### WHAT YOU HAVE TO DO
Could you retype the entries below exactly, omitting every picture?
---- WORKING DATA
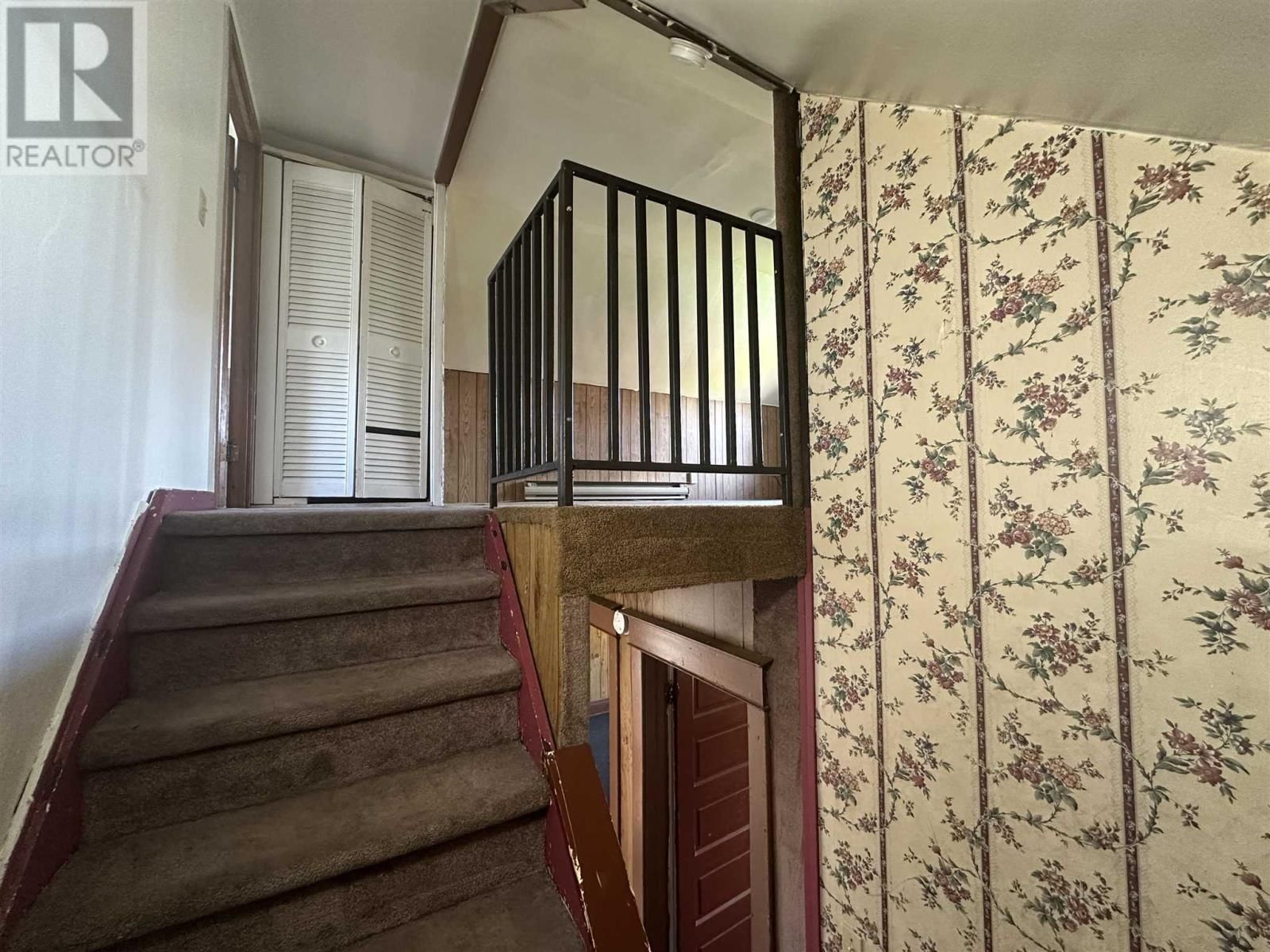 17 ABBOTT ST Image 15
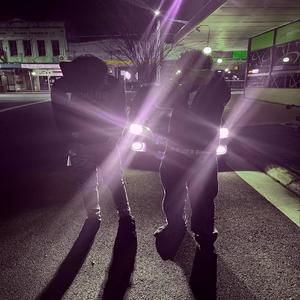 on the low (Explicit)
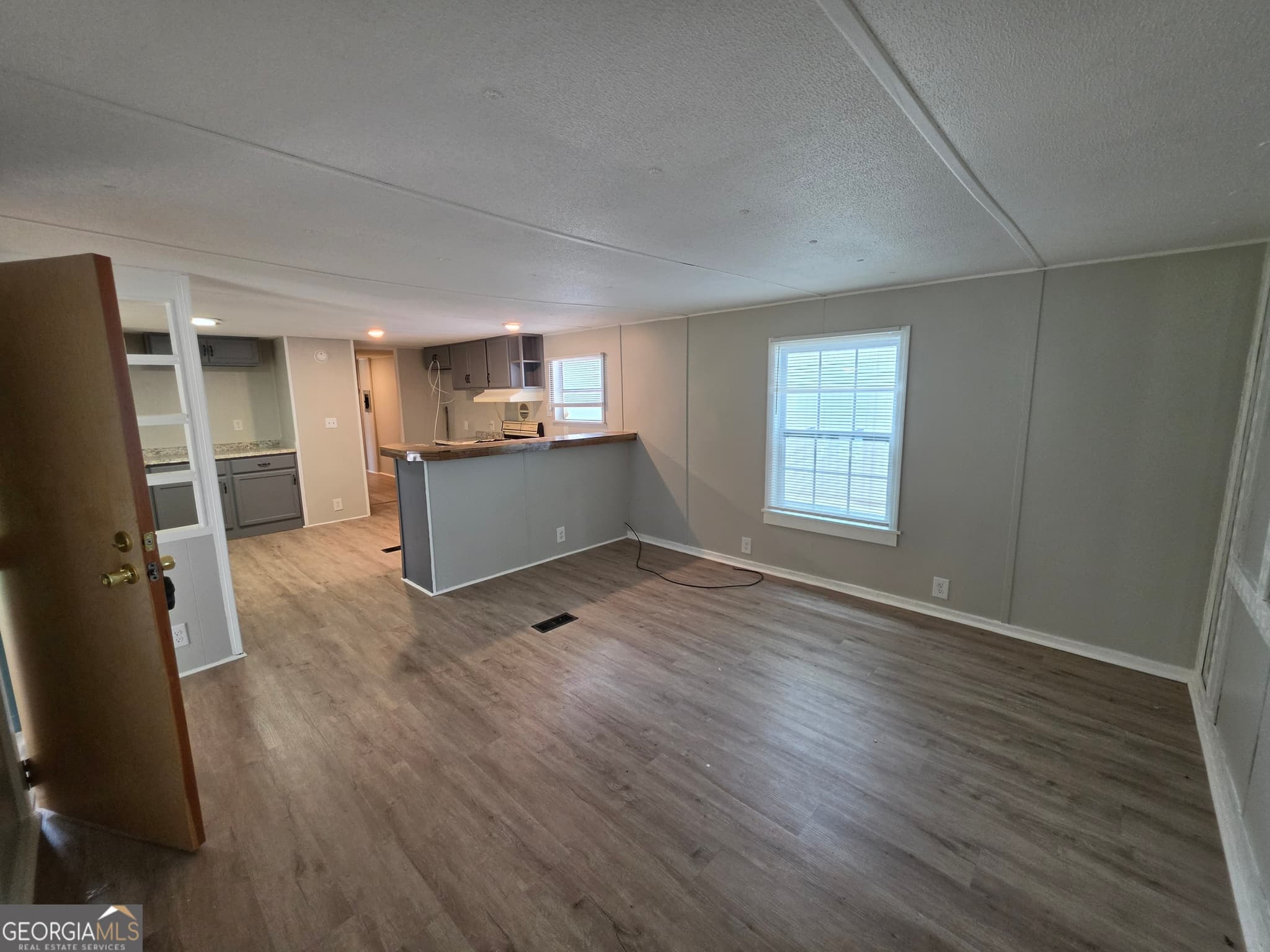 2 bedroom, 1 bathroom, 784 sq ft manufactured home,single family residence for sale at 109 Oconee Circle, Eatonton, GA 31024 — photo 4
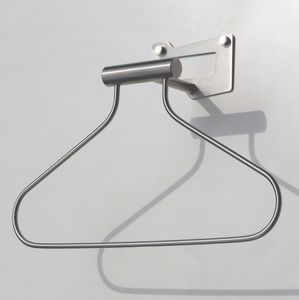 wandmontierter stummer Diener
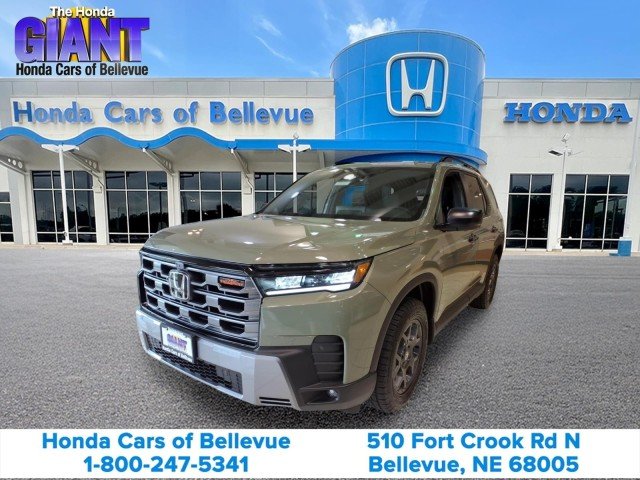 2026 Honda Pilot TrailSport AWD's photo
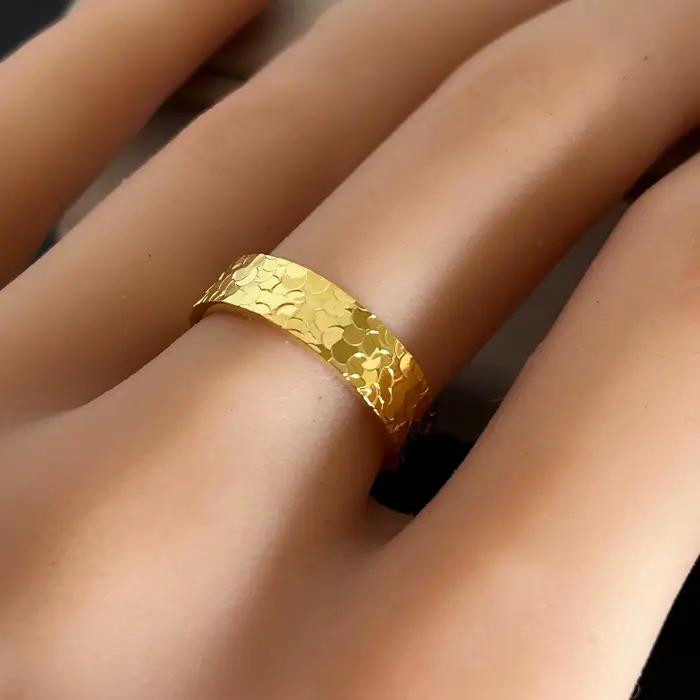 Bague Ice Ring Scintillante Charmhouse pour Femmes en Plaqué Or 24 Carats, Bague de Mariage Anti-Ternissement, Idéale pour Soirées et Cadeaux Spéciaux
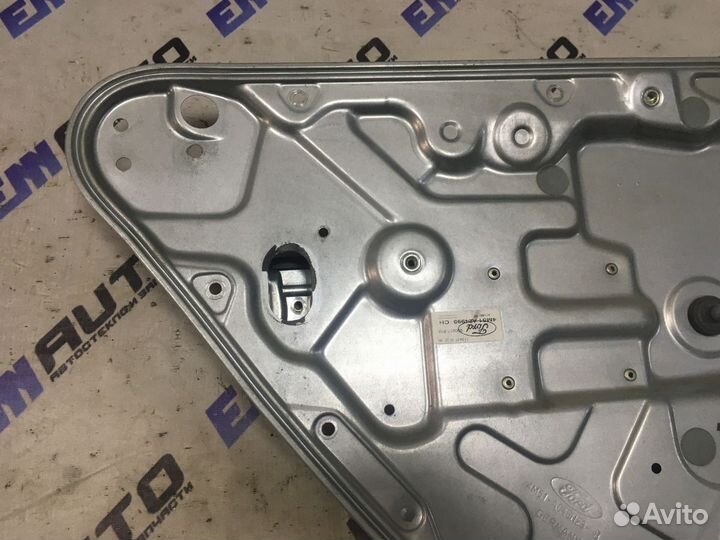 Стеклоподъемник мех. задний левый Форд Фокус 2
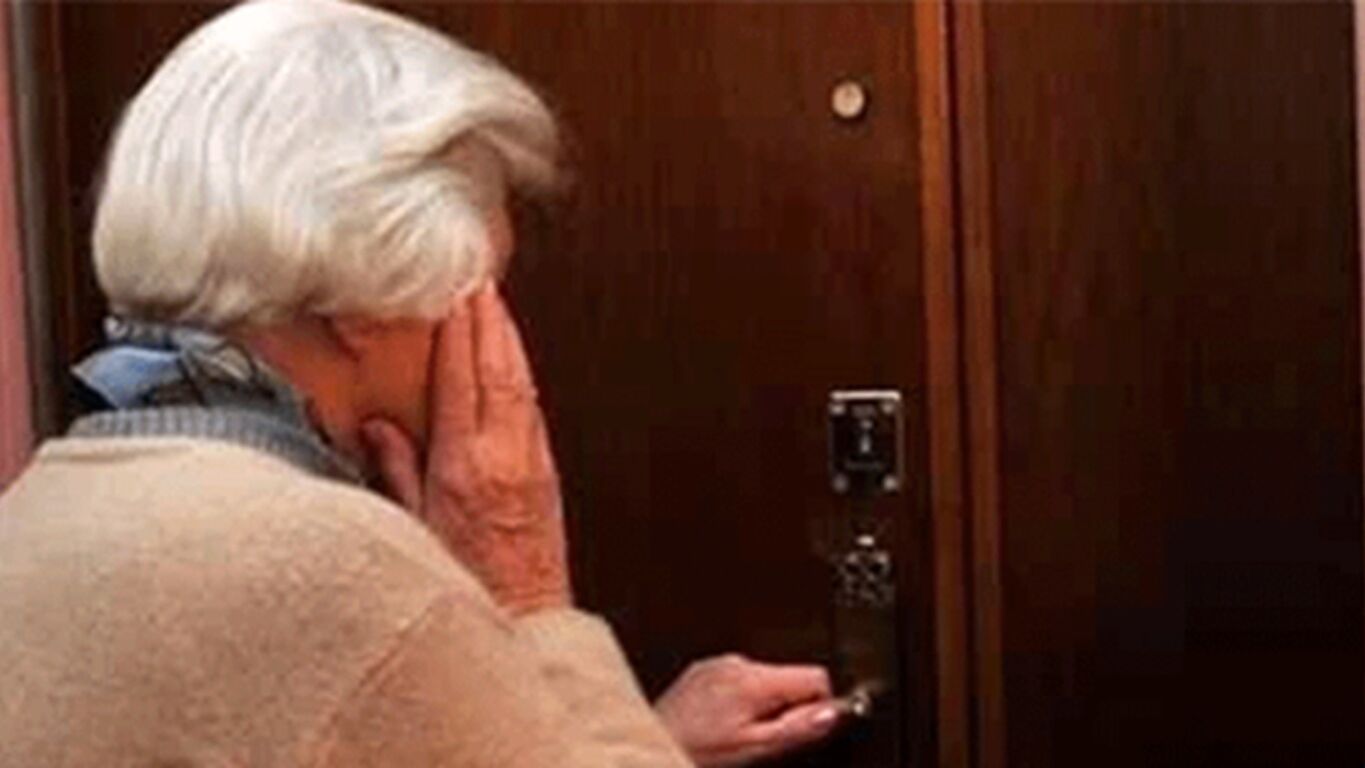 Truffa a Boscoreale, ai domiciliari un 21enne: raggirò un'anziana e si fece consegnare denaro e gioielli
--------
### EXERCISE SOLUTION
 17 ABBOTT ST Image 15
 on the low (Explicit)
 2 bedroom, 1 bathroom, 784 sq ft manufactured home,single family residence for sale at 109 Oconee Circle, Eatonton, GA 31024 — photo 4
 wandmontierter stummer Diener
 2026 Honda Pilot TrailSport AWD's photo
 Bague Ice Ring Scintillante Charmhouse pour Femmes en Plaqué Or 24 Carats, Bague de Mariage Anti-Ternissement, Idéale pour Soirées et Cadeaux Spéciaux
 Стеклоподъемник мех. задний левый Форд Фокус 2
 Truffa a Boscoreale, ai domiciliari un 21enne: raggirò un'anziana e si fece consegnare denaro e gioielli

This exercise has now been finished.